Basten U, Stelzel C, Fiebach CJ - Cogn Affect Behav Neurosci (2012)

Bottom Line: Higher levels of anxiety were associated with stronger activation in two regions implicated in the goal-directed control of attention--that is, right dorsolateral prefrontal cortex (DLPFC) and left inferior frontal sulcus--and with stronger deactivation in a region assigned to the brain's default-mode network--that is, rostral-ventral anterior cingulate cortex.Furthermore, anxiety was associated with a stronger functional coupling of right DLPFC with ventrolateral prefrontal cortex.We interpret our findings as reflecting reduced processing efficiency in high-anxious individuals and point out the need to consider measures of functional integration in addition to measures of regional activation strength when investigating individual differences in neural efficiency.

View Article: PubMed Central - PubMed

Affiliation: Department of Psychology, Goethe University, Postfach 11 19 32, Fach 128, 60054 Frankfurt am Main, Germany. basten@psych.uni-frankfurt.de

ABSTRACT
The present study investigates the effects of trait anxiety on the neural efficiency of working memory component functions (manipulation vs. maintenance) in the absence of threat-related stimuli. For the manipulation of affectively neutral verbal information held in working memory, high- and low-anxious individuals (N = 46) did not differ in their behavioral performance, yet trait anxiety was positively related to the neural effort expended on task processing, as measured by BOLD signal changes in fMRI. Higher levels of anxiety were associated with stronger activation in two regions implicated in the goal-directed control of attention--that is, right dorsolateral prefrontal cortex (DLPFC) and left inferior frontal sulcus--and with stronger deactivation in a region assigned to the brain's default-mode network--that is, rostral-ventral anterior cingulate cortex.
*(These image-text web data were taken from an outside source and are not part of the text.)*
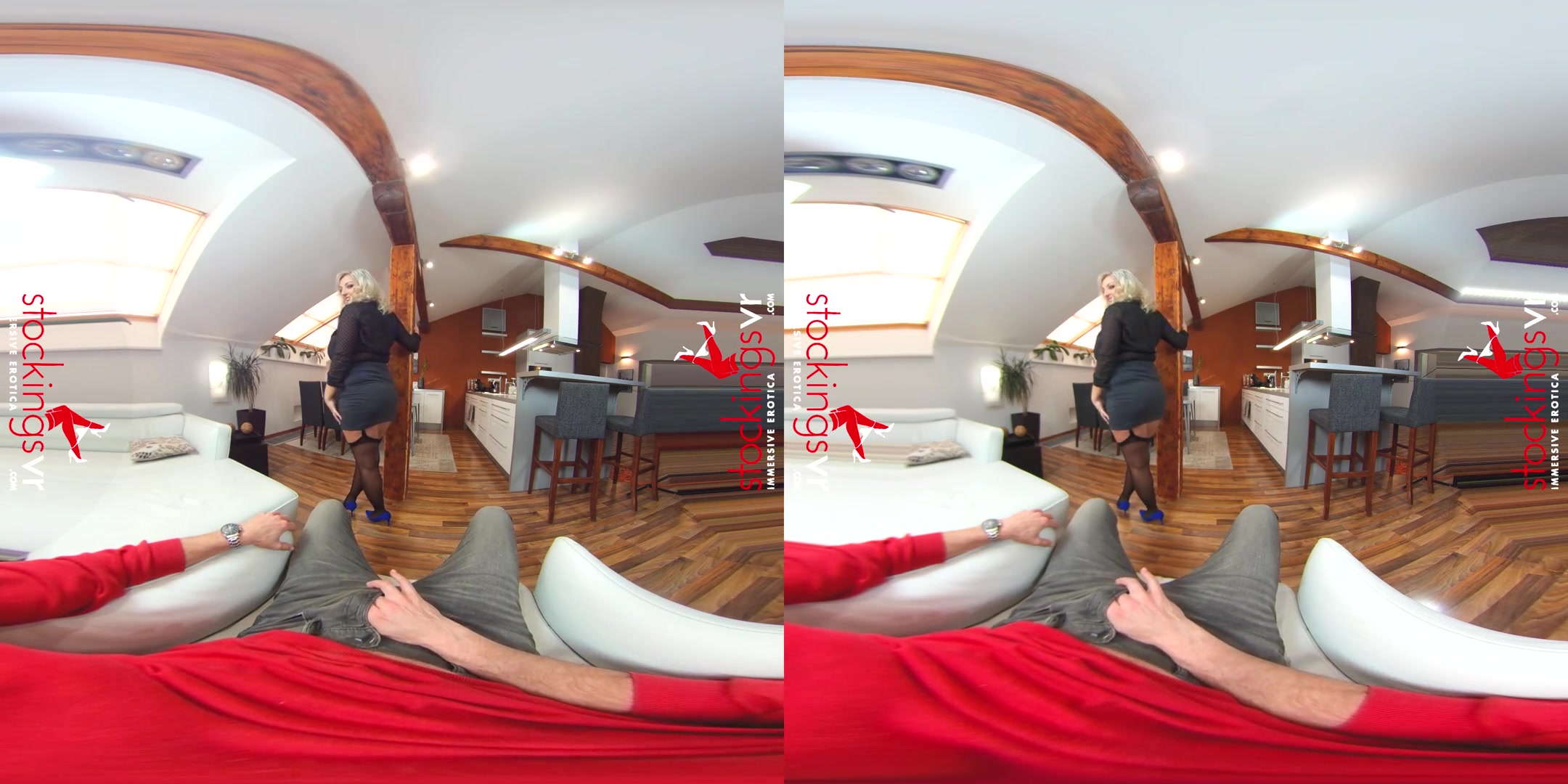 Krystal Swift in That's A Big Load Lap Dance - StockingsVR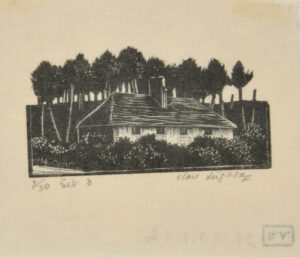 A House with Tree Behind It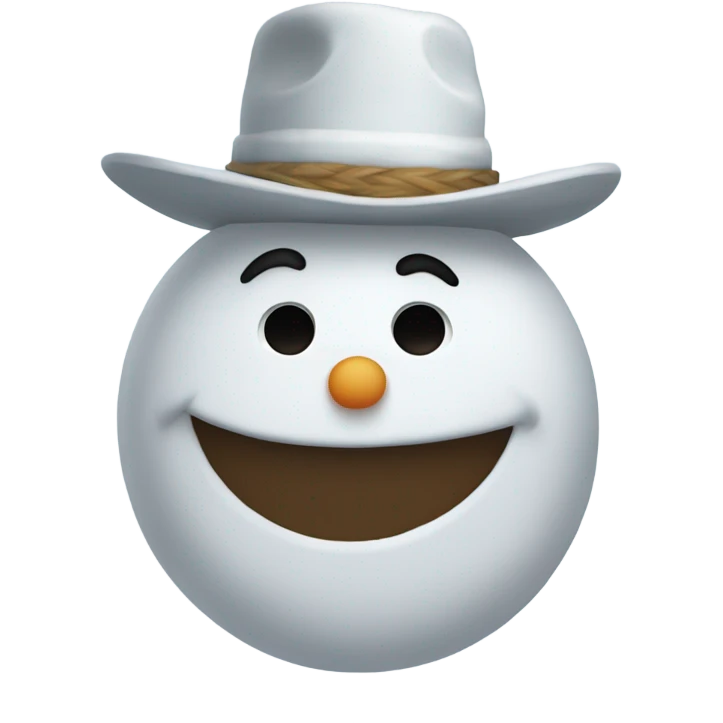 Frosty the snowman as a Mexican emoji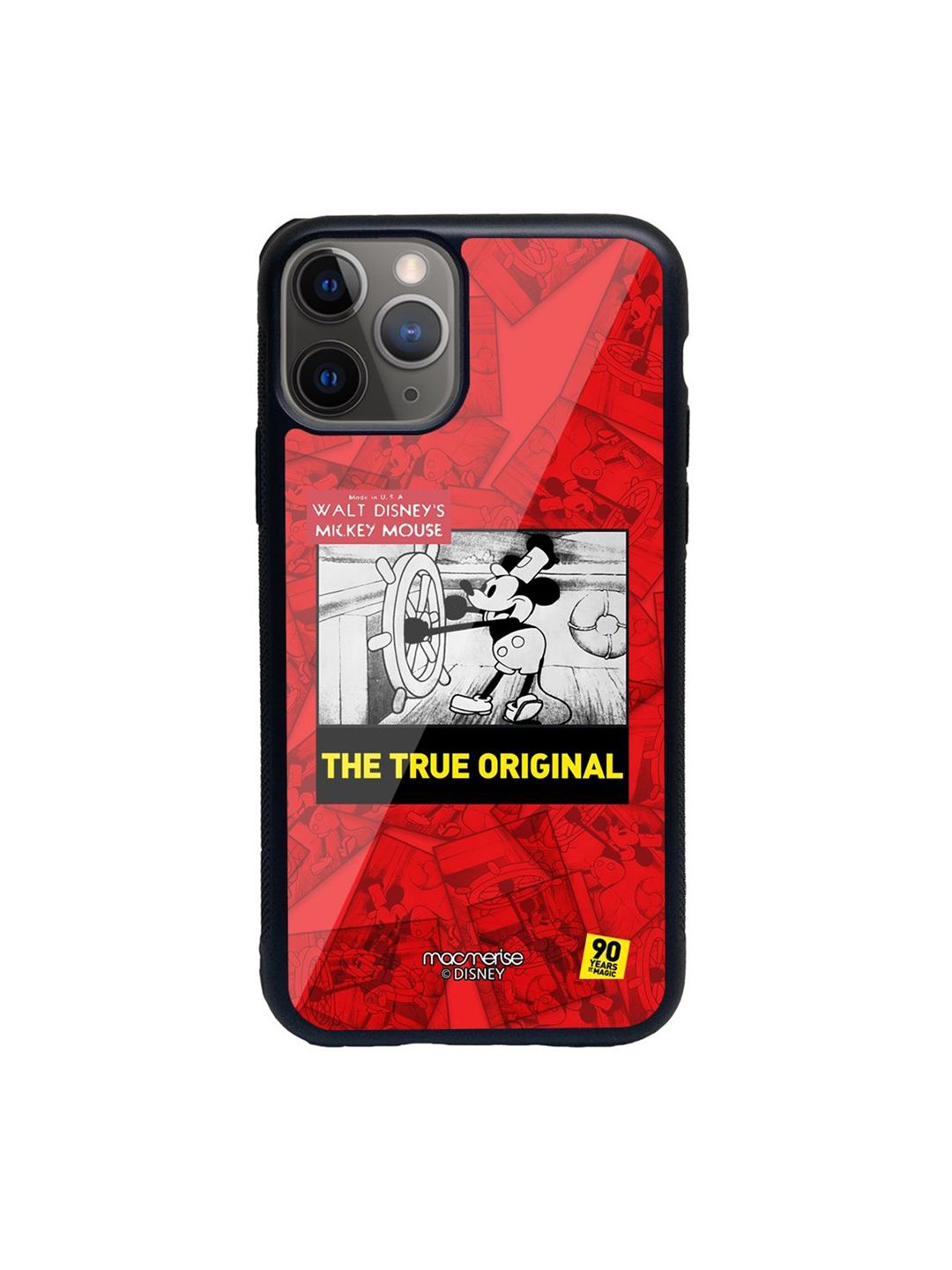 macmerise Red & White Mickey Potrait Mode iPhone 11 Pro Back Case Price in India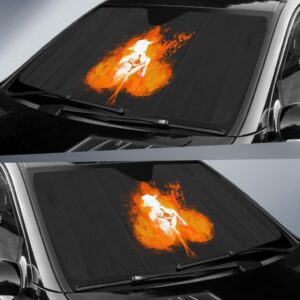Ace On Fire Car Sun Shades One Piece Anime Fan T1221 1 39.99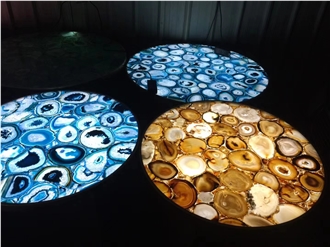 Uruguay Backlit Semiprecious Stone Tiles
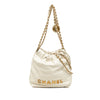 Chanel Mini Shiny Calfskin 22 Hobo Secondhand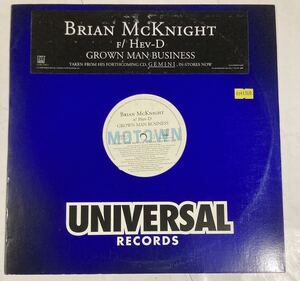 12' 2005年 US盤 プロモオンリー Brian McKnight F/ Hev-D Grown Man Business UNIR21407-1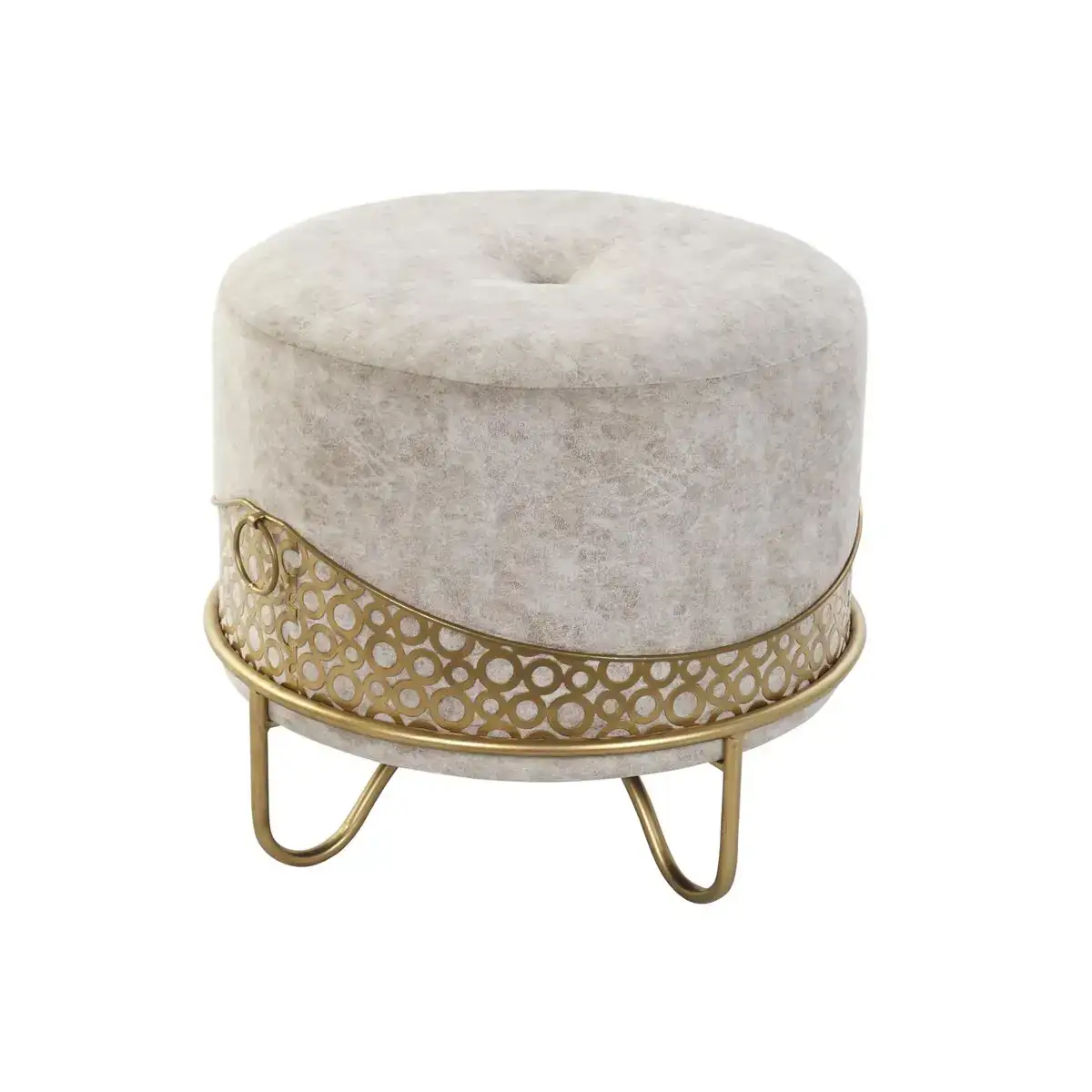 Repose pied dkd home decor 51 x 51 x 44 5 cm mousse beige dore velours bois mdf ethnique 40 metal_7872. DIAYTAR COTE D'IVOIRE - Où Choisir Devient un Acte de Découverte. Découvrez notre gamme et choisissez des produits qui éveillent votre curiosité et élargissent vos horizons.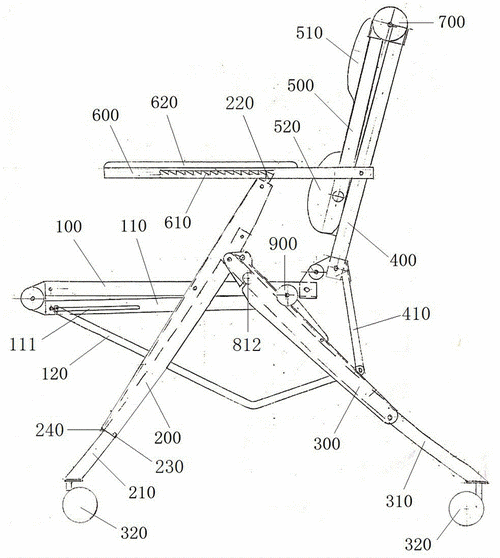 折叠式可调节多功能办公椅的制作方法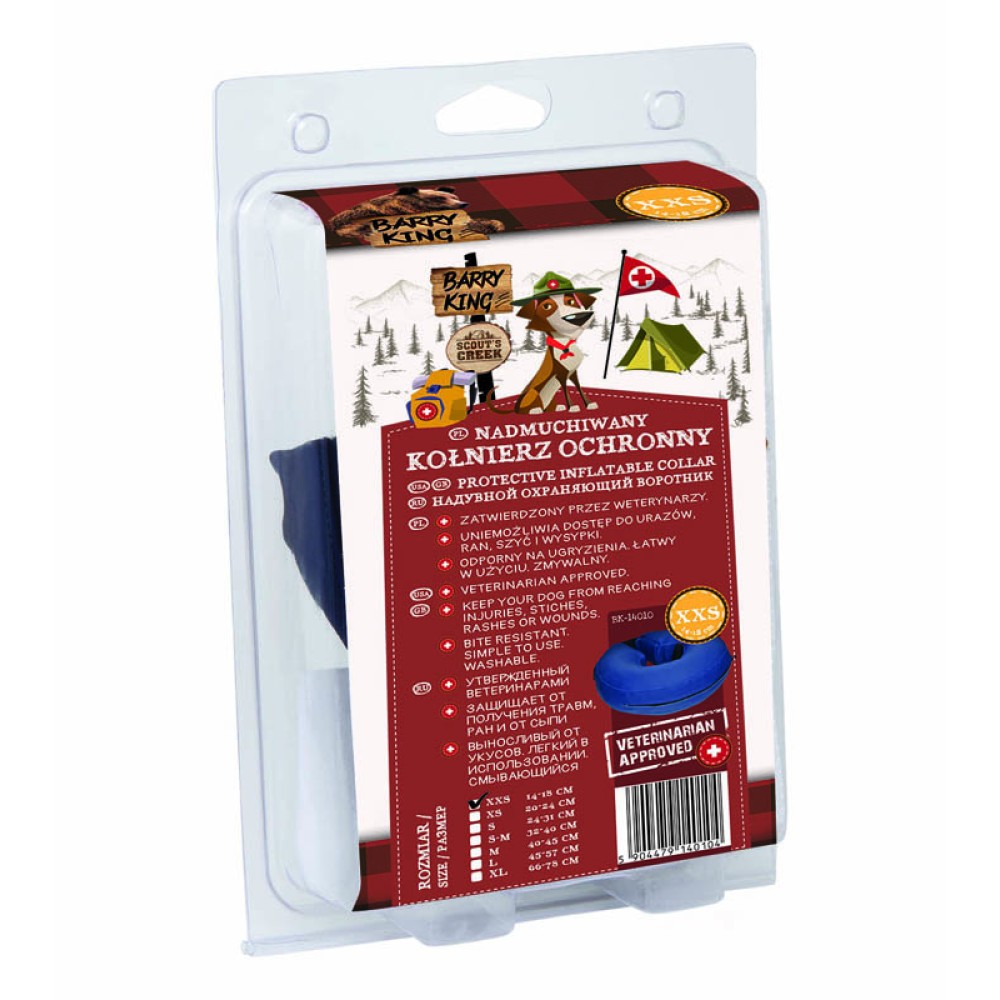 Barry King Φουσκωτό Προστατευτικό Κολλάρο Ελισάβετ  M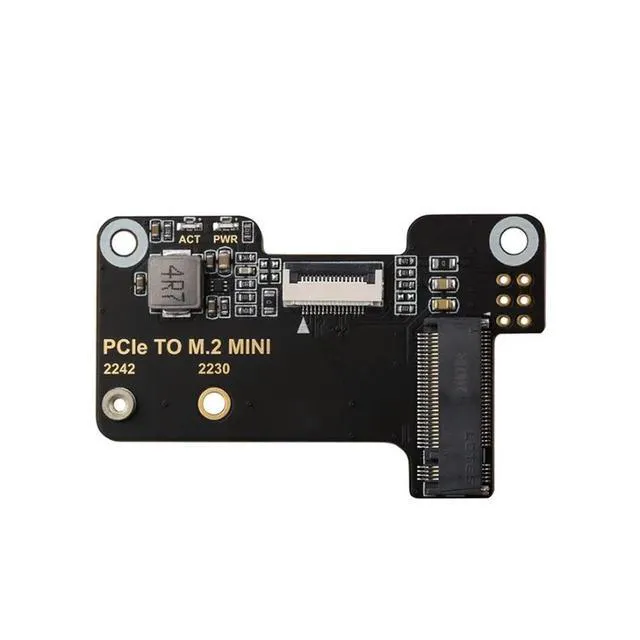 Alt view image 2 of 3 - Raspberry PI 5 PCIe TO M.2 MINI SSD Expansion Module Support Gen2 and Gen3 SSD Compatible 2230 2242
Furthermore, anxiety was associated with a stronger functional coupling of right DLPFC with ventrolateral prefrontal cortex. We interpret our findings as reflecting reduced processing efficiency in high-anxious individuals and point out the need to consider measures of functional integration in addition to measures of regional activation strength when investigating individual differences in neural efficiency. With respect to the functions of working memory, we conclude that anxiety specifically impairs the processing efficiency of (control-demanding) manipulation processes (as opposed to mere maintenance). Notably, this study contributes to an accumulating body of evidence showing that anxiety also affects cognitive processing in the absence of threat-related stimuli.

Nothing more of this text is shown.